Filter these entries down to lines holding "Fabric".

## [Recorded data]
--- START ---

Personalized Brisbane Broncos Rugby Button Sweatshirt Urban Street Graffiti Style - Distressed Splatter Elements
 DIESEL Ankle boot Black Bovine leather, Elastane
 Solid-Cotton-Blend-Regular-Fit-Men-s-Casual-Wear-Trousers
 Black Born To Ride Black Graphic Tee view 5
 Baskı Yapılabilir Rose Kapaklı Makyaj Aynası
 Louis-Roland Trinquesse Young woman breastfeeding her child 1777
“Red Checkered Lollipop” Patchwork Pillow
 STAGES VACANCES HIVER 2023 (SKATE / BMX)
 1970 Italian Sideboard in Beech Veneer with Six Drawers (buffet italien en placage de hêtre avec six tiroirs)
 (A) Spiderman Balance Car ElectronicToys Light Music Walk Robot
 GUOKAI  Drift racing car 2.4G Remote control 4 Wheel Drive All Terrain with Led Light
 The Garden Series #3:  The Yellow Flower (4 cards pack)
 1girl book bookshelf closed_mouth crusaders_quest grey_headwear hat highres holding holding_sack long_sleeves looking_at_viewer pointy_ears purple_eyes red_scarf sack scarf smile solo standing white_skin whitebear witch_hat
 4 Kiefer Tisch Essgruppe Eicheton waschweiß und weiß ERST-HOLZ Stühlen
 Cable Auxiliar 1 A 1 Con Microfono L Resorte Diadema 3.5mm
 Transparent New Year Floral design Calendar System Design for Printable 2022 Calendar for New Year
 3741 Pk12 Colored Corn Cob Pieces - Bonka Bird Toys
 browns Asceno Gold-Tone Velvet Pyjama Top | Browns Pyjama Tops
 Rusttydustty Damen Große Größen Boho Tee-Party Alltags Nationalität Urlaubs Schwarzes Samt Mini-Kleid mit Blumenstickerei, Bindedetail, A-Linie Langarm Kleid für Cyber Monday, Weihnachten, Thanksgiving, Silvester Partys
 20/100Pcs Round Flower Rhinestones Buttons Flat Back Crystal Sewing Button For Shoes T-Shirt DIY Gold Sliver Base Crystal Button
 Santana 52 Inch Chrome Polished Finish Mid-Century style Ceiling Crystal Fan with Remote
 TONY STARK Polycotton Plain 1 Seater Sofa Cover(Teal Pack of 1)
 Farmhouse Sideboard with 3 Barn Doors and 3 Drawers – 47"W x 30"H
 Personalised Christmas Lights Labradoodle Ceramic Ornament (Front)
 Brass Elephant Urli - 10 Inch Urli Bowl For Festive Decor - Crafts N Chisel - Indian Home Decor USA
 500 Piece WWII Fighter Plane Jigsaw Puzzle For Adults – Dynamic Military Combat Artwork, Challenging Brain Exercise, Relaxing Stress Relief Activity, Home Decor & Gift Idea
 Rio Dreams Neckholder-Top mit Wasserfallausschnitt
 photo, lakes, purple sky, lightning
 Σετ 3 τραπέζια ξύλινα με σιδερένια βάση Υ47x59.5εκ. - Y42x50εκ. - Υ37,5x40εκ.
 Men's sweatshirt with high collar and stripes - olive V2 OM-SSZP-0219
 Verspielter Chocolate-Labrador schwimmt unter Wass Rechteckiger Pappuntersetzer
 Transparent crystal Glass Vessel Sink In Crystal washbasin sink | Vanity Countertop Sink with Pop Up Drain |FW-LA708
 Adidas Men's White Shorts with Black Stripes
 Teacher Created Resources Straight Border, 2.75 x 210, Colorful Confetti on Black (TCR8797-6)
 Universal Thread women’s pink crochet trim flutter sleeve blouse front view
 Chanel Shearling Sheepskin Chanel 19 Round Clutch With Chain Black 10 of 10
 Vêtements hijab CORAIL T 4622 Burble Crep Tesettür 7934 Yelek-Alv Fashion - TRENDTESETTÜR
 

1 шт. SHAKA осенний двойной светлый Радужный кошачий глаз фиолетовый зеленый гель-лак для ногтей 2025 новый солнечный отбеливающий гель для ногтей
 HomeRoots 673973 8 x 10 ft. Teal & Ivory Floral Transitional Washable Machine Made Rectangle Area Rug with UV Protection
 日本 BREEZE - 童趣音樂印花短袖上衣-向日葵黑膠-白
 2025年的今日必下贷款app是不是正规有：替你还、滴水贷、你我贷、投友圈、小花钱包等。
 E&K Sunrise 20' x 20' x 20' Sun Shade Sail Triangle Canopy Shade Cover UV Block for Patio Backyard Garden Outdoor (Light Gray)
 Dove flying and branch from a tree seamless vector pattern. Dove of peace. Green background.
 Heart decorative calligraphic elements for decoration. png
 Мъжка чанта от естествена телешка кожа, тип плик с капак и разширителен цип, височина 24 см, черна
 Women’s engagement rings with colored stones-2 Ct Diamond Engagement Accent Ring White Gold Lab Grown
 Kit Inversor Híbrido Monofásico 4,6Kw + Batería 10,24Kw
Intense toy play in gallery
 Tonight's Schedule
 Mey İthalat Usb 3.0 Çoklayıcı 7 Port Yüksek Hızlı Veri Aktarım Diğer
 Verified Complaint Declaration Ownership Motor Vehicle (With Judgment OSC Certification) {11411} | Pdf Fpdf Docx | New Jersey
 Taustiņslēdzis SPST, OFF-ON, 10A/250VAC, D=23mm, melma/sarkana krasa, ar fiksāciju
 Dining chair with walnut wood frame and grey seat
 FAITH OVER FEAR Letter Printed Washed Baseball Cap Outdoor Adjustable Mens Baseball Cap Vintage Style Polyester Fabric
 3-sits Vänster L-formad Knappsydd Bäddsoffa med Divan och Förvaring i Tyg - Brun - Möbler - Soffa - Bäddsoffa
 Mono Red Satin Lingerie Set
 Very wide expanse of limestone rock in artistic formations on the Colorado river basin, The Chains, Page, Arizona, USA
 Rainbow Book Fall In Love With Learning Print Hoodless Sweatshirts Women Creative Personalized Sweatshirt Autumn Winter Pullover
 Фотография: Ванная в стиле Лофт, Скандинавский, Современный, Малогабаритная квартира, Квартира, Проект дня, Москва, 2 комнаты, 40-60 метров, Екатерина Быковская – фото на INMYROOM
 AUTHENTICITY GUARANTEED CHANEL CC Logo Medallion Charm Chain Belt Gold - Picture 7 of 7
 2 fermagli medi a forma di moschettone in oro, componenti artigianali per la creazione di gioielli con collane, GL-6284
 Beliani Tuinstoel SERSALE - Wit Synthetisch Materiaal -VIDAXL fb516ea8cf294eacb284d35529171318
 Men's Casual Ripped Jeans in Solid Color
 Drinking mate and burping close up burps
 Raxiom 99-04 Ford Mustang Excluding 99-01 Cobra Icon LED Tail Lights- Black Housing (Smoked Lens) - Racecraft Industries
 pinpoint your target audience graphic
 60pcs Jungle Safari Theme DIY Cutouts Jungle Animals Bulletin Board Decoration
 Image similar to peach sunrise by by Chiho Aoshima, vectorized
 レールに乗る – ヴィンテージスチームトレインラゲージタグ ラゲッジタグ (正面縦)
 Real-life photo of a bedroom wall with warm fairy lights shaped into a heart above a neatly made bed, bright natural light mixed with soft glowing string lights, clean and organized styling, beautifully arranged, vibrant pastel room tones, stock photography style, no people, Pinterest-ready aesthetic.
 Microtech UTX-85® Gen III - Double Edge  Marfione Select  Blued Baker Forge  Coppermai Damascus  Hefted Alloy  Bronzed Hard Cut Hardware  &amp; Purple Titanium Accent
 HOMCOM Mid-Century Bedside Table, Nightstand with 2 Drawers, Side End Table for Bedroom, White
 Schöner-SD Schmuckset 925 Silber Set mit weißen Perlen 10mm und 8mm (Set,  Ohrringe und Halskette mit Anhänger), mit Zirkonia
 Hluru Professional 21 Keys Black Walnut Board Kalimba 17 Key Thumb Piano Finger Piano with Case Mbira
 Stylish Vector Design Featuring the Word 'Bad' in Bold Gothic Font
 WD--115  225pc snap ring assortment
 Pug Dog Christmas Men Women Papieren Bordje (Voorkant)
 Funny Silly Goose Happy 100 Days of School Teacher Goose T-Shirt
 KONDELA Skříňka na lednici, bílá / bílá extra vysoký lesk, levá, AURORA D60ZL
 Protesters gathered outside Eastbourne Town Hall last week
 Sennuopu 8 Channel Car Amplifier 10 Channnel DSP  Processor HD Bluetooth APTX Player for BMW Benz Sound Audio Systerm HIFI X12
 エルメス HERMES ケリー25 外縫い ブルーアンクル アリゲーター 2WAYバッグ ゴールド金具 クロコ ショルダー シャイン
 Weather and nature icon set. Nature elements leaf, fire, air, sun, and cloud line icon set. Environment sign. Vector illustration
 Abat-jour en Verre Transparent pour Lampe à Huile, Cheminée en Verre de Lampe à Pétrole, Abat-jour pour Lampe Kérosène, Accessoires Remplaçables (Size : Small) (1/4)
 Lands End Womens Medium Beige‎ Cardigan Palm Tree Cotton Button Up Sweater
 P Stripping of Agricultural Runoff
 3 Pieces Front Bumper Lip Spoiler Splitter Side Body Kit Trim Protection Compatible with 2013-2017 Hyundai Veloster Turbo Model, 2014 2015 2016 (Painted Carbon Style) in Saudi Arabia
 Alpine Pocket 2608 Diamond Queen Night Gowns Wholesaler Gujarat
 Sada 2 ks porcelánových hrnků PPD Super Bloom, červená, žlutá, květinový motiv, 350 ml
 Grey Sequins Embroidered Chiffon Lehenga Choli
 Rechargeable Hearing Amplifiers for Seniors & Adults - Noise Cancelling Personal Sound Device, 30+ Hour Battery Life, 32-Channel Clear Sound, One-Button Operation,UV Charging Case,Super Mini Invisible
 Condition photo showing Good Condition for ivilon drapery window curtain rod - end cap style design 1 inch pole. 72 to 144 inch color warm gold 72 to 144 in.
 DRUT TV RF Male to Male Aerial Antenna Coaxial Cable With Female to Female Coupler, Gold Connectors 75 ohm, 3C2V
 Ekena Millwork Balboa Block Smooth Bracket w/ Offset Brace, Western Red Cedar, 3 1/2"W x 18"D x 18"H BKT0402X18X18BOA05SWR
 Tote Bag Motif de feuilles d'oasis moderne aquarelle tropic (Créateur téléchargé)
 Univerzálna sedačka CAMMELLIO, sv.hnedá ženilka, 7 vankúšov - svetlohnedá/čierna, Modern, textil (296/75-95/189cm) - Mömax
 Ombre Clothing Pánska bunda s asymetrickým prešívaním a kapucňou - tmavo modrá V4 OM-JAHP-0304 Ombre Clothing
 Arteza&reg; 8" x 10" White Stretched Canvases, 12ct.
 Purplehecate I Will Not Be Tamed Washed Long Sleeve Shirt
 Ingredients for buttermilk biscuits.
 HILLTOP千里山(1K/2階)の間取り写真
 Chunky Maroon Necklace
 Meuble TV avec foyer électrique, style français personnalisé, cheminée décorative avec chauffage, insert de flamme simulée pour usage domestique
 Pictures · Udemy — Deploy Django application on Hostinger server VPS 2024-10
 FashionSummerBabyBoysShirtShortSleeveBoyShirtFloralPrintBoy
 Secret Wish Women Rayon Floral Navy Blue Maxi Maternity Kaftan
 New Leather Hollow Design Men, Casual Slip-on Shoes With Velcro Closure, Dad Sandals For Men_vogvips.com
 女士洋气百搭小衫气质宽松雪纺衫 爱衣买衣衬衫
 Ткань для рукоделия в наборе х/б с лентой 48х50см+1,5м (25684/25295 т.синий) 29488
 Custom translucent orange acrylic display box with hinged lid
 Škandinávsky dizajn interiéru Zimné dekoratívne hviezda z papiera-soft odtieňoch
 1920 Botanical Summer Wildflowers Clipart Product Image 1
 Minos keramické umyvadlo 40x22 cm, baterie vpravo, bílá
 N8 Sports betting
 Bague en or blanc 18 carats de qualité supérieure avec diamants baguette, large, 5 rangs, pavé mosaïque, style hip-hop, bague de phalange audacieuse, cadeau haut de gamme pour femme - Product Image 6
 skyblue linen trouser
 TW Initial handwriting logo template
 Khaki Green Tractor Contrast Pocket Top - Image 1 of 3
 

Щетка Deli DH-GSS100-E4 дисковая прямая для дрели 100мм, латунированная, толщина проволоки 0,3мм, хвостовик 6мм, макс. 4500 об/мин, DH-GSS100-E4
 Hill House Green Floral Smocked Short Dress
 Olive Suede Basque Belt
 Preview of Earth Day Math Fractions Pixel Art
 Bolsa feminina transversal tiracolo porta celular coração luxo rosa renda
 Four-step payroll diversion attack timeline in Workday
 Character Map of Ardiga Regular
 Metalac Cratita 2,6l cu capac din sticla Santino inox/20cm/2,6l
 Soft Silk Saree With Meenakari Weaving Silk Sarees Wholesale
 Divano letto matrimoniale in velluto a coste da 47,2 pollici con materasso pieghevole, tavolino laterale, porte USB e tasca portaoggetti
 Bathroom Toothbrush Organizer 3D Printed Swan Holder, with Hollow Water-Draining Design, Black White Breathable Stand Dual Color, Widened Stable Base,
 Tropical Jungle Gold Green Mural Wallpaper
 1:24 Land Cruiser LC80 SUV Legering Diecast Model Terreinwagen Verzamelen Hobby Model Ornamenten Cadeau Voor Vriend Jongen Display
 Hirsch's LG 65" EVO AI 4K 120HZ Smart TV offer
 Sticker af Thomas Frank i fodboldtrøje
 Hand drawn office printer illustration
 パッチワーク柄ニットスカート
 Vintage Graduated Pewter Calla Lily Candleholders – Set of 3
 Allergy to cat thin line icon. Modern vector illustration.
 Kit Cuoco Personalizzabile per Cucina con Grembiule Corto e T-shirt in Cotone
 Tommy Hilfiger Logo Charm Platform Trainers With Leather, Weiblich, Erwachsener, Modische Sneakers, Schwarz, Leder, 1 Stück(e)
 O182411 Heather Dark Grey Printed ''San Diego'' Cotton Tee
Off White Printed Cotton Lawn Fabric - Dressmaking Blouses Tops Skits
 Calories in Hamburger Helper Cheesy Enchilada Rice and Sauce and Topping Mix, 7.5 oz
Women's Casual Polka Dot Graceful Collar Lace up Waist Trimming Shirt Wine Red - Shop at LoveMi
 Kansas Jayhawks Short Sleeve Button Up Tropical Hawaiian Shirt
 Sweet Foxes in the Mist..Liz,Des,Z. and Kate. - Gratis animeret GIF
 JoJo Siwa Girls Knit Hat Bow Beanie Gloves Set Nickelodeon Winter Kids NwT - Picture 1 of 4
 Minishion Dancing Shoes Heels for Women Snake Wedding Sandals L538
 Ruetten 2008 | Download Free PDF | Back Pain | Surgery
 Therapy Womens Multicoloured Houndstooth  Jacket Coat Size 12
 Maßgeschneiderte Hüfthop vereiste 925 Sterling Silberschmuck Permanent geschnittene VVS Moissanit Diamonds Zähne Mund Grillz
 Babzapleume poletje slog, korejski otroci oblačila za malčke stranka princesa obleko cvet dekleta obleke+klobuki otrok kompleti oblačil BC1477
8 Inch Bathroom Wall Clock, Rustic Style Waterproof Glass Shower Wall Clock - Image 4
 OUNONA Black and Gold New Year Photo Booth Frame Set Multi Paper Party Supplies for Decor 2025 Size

--- END ---

## [Answer to the problem]
 FAITH OVER FEAR Letter Printed Washed Baseball Cap Outdoor Adjustable Mens Baseball Cap Vintage Style Polyester Fabric
Off White Printed Cotton Lawn Fabric - Dressmaking Blouses Tops Skits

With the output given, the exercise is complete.